Available data =
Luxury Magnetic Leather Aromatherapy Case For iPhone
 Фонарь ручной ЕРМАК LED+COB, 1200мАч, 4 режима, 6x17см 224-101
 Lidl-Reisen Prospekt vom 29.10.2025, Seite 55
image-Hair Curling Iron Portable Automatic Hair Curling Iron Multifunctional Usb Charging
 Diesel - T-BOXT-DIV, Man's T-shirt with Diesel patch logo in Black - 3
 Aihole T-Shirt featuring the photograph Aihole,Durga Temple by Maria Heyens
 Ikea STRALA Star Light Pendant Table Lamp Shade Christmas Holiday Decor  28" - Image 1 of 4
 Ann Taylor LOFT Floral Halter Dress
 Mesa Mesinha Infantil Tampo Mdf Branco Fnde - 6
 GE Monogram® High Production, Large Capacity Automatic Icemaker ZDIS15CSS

Required action = For this exercise, retype the complete listing exactly.

Result =
Luxury Magnetic Leather Aromatherapy Case For iPhone
 Фонарь ручной ЕРМАК LED+COB, 1200мАч, 4 режима, 6x17см 224-101
 Lidl-Reisen Prospekt vom 29.10.2025, Seite 55
image-Hair Curling Iron Portable Automatic Hair Curling Iron Multifunctional Usb Charging
 Diesel - T-BOXT-DIV, Man's T-shirt with Diesel patch logo in Black - 3
 Aihole T-Shirt featuring the photograph Aihole,Durga Temple by Maria Heyens
 Ikea STRALA Star Light Pendant Table Lamp Shade Christmas Holiday Decor  28" - Image 1 of 4
 Ann Taylor LOFT Floral Halter Dress
 Mesa Mesinha Infantil Tampo Mdf Branco Fnde - 6
 GE Monogram® High Production, Large Capacity Automatic Icemaker ZDIS15CSS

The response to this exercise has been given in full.